4th and 22

Jul 06, 2007 21:53

I just got back from a 2 day camping trip. It was pretty nice and took my mind off of life for the most part. I turned my phone off and had no contact with anyone but the two people I was with. We rode a speed boat on a lake ALL day for two days, went innertubing, kneeboarding, and camped in little tents on the sandy beach. I pretty much burned to a crisp in the sun yesterday. It never matters how much sunscreen I use...I always burn. At least I'll tan in a day or two. I've been needing some sun. I was pretty tired the whole time. I hadn't slept the night before going because of a disheartening conversation the night before that kept me up til 6:30am, which is when we left.

Happy late 4th of July (American Independence Day). I went over to prince charming's house and finally talked with him about "us." I was a bit upset that he waited six months to tell me I wasn't quite his type...It's fine that he feels that way, but I think it would've been more considerate to tell me sooner, rather than just sort of keep me there to fool around with. = / I think I knew in the back of my mind that that was all he really wanted, a sort of companion with little attachment...but I didn't want to admit it. A small part of me also wanted that...but a larger part of me wants someone who cares more about me than fooling around. I wanted to think he'd slowly like me more until we'd be together "officially." Such is life. So once again...I am single. I was single before I guess, 'cause technically we weren't together. We just weren't seeing anyone else. But now I'm actually single. I don't even know what I'm looking for. I'll eventually figure that out, but for now...look out single guys. :)

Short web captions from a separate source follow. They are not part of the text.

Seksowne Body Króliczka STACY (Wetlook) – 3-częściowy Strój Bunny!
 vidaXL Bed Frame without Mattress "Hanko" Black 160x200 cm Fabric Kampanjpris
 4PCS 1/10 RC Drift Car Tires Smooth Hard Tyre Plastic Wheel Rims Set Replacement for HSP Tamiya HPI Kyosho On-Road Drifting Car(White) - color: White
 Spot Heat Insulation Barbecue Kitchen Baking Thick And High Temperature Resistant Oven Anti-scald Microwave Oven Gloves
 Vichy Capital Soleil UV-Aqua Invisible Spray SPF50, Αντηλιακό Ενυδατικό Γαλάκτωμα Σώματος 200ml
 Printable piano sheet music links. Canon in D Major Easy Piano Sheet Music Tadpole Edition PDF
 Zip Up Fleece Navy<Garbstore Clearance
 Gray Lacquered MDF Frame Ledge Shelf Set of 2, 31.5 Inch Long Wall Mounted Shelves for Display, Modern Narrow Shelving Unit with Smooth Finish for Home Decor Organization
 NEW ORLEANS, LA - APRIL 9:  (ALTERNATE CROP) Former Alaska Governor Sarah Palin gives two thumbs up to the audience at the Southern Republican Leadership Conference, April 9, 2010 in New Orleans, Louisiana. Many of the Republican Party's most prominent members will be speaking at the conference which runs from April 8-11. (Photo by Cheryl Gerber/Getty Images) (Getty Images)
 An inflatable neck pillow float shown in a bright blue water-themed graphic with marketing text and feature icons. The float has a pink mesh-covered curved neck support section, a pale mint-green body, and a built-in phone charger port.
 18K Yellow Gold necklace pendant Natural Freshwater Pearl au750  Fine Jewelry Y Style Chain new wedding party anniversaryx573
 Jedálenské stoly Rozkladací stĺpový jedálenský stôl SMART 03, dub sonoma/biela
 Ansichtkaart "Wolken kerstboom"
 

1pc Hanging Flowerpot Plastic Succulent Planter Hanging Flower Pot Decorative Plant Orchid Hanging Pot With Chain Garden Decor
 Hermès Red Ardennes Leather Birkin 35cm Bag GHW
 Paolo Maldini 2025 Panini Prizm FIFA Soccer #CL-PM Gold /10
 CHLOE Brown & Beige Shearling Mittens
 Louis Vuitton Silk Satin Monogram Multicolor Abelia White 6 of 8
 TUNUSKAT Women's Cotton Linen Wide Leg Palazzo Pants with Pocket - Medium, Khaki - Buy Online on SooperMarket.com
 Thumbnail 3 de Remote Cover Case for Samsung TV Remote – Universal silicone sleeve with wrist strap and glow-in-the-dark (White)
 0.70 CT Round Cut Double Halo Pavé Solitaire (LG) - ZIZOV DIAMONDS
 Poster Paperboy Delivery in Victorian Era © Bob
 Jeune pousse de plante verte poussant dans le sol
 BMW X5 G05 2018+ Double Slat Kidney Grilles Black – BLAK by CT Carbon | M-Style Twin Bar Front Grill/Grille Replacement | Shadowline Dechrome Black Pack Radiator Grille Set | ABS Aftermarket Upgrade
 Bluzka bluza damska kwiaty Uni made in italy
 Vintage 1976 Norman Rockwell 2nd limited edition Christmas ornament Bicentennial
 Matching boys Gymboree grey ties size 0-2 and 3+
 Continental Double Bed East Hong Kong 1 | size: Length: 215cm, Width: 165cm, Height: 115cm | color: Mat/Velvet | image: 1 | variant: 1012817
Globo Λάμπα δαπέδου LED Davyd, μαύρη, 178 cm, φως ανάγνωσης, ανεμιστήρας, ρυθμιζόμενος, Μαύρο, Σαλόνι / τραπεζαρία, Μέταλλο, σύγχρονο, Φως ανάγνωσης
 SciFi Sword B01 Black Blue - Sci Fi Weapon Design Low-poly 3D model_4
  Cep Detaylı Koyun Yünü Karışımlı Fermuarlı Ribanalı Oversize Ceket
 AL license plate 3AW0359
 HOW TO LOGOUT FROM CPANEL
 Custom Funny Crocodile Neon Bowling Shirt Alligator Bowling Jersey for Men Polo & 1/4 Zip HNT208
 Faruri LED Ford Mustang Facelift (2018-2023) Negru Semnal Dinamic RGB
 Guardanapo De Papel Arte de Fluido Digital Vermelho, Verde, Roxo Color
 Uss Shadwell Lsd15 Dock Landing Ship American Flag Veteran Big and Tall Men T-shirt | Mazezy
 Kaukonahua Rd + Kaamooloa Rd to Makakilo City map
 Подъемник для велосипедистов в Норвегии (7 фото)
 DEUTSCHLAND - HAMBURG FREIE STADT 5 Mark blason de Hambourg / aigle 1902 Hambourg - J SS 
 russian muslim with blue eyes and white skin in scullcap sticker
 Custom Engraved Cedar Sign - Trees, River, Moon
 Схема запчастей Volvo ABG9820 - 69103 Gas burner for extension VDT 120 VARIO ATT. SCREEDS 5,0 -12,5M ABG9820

On a side note...I'm going to turn 21 this October. Not entirely sure what I'm going to do yet. My birthday is unfortunately on a Monday....so I know I'll definitely do something the Friday before at my place with some friends who may/may not be drinking age..and then probably something the Friday after with those that are drinking age. I've asked the guy I babysit for to show me how to brew hard cider...so that will be fun. Perhaps I'll get miserably drunk and do foolish things like everyone else. Or I'll end up having one drink and driving all my drunken friends home...haha. I hope not though.